Line by line, transcribe the data below exactly and pass over the images.

**SOURCE MATERIAL**
********************
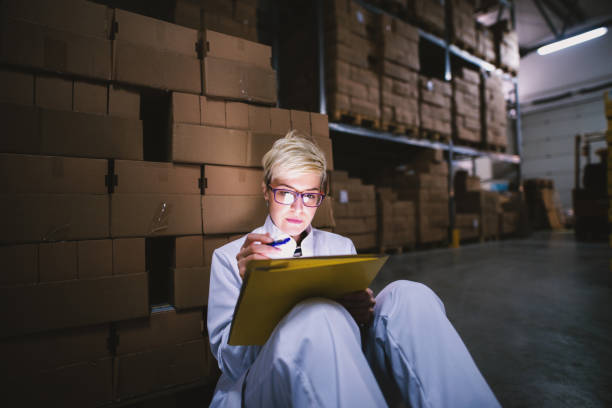 istock Young beautiful female worker is sitting leaned on a stack of boxes in big storage hangar while checking her notes on tabled on yellow folder leaned on her knee. 992810450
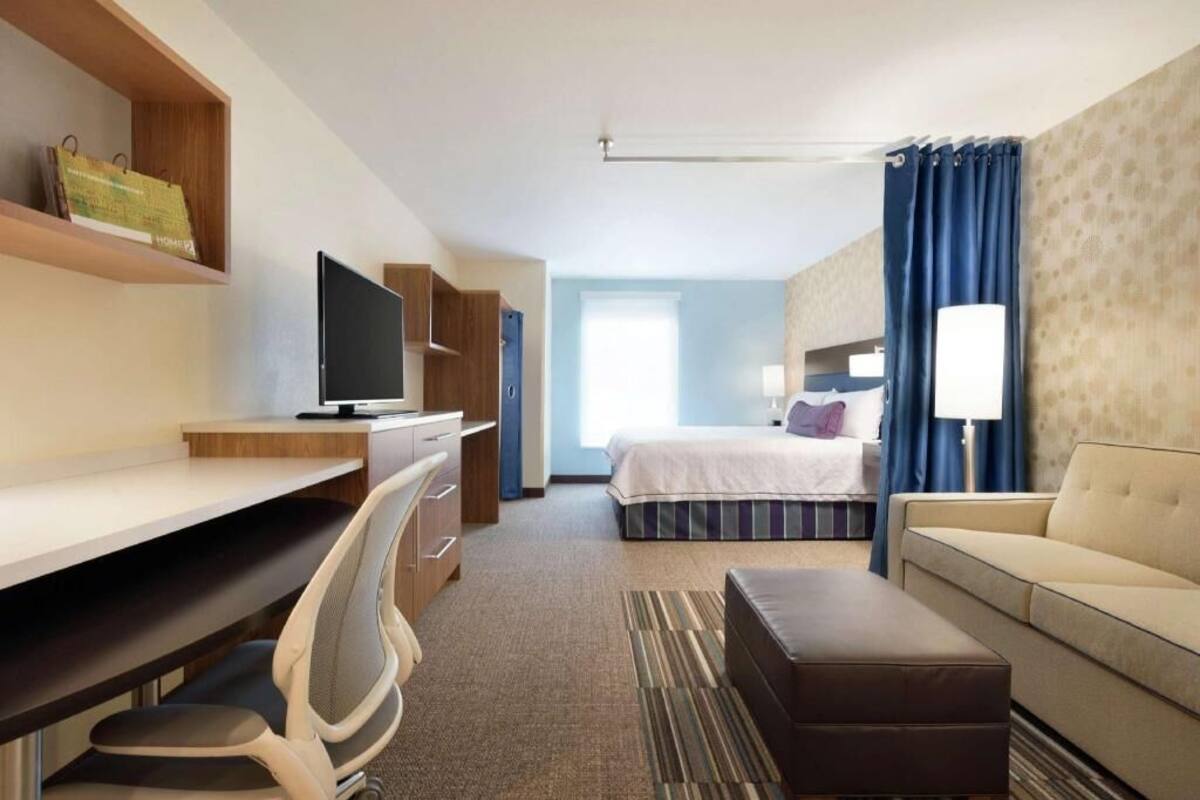 Een hotelkamer met een bed, een bureau met stoel, een televisie, een bank en een lamp.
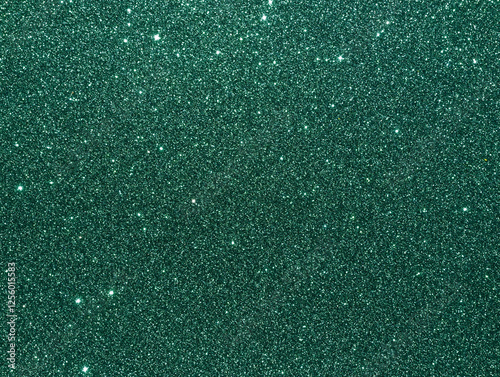 Green sparkle background. Deep green glitter background. Green glimmer. Abstract twinkle texture. Glitter surface. Glimmer layout. Holiday layout. Emerald green luxury surface. Celebration background.
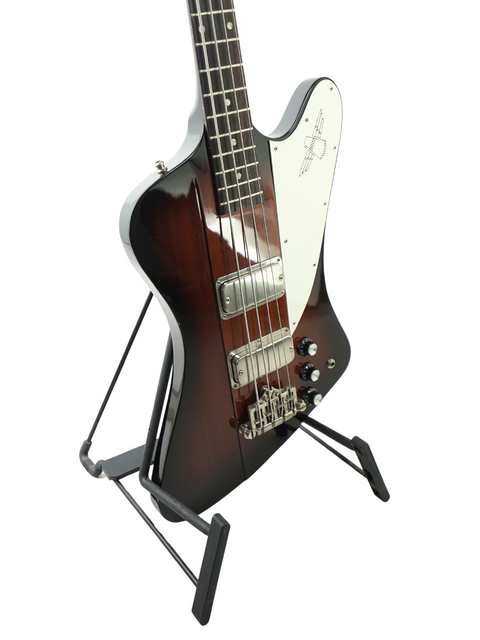 A striking black guitar with a brown neck, representing the Orville Thunderbird Bass in Tobacco Burst, crafted in Japan, 1988.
********************
**EXERCISE RESULT**
 istock Young beautiful female worker is sitting leaned on a stack of boxes in big storage hangar while checking her notes on tabled on yellow folder leaned on her knee. 992810450
 Een hotelkamer met een bed, een bureau met stoel, een televisie, een bank en een lamp.
 Green sparkle background. Deep green glitter background. Green glimmer. Abstract twinkle texture. Glitter surface. Glimmer layout. Holiday layout. Emerald green luxury surface. Celebration background.
 A striking black guitar with a brown neck, representing the Orville Thunderbird Bass in Tobacco Burst, crafted in Japan, 1988.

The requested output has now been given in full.